> _Exercise_
Transcribe the listing exactly, leaving out every picture.

> _Dataset extract_
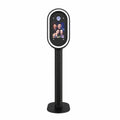 Umbra - A8 DSLR iPad Photo Booth (Carbon Fiber) | RGBW LED Color Changing Frame Photo Booth - DJ And Photo Booth Supply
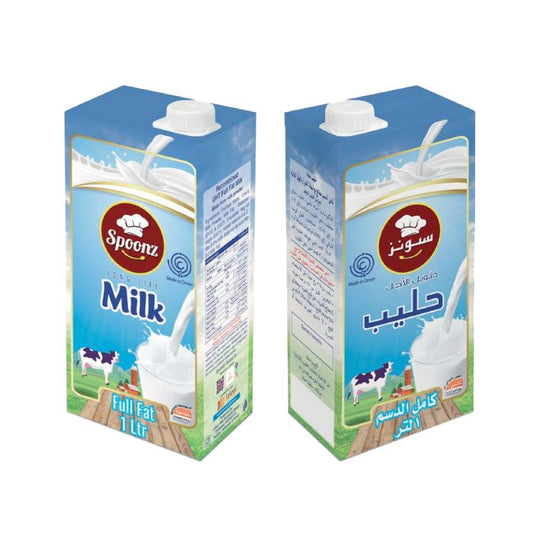Spoonz Long Life Milk 3x4x1Ltr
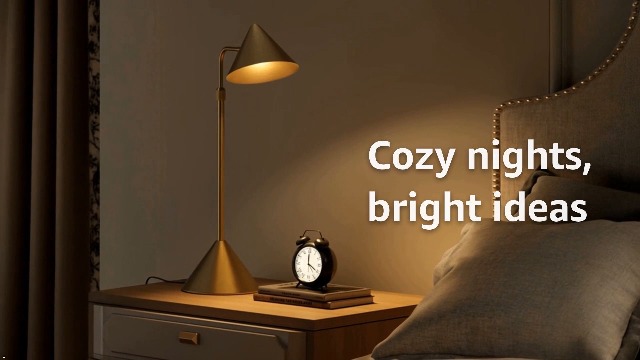 HISEEGO Metal Desk Lamp, 3000k Soft Light Modern Desk Lamp with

> _The answer_
 Umbra - A8 DSLR iPad Photo Booth (Carbon Fiber) | RGBW LED Color Changing Frame Photo Booth - DJ And Photo Booth Supply
Spoonz Long Life Milk 3x4x1Ltr
 HISEEGO Metal Desk Lamp, 3000k Soft Light Modern Desk Lamp with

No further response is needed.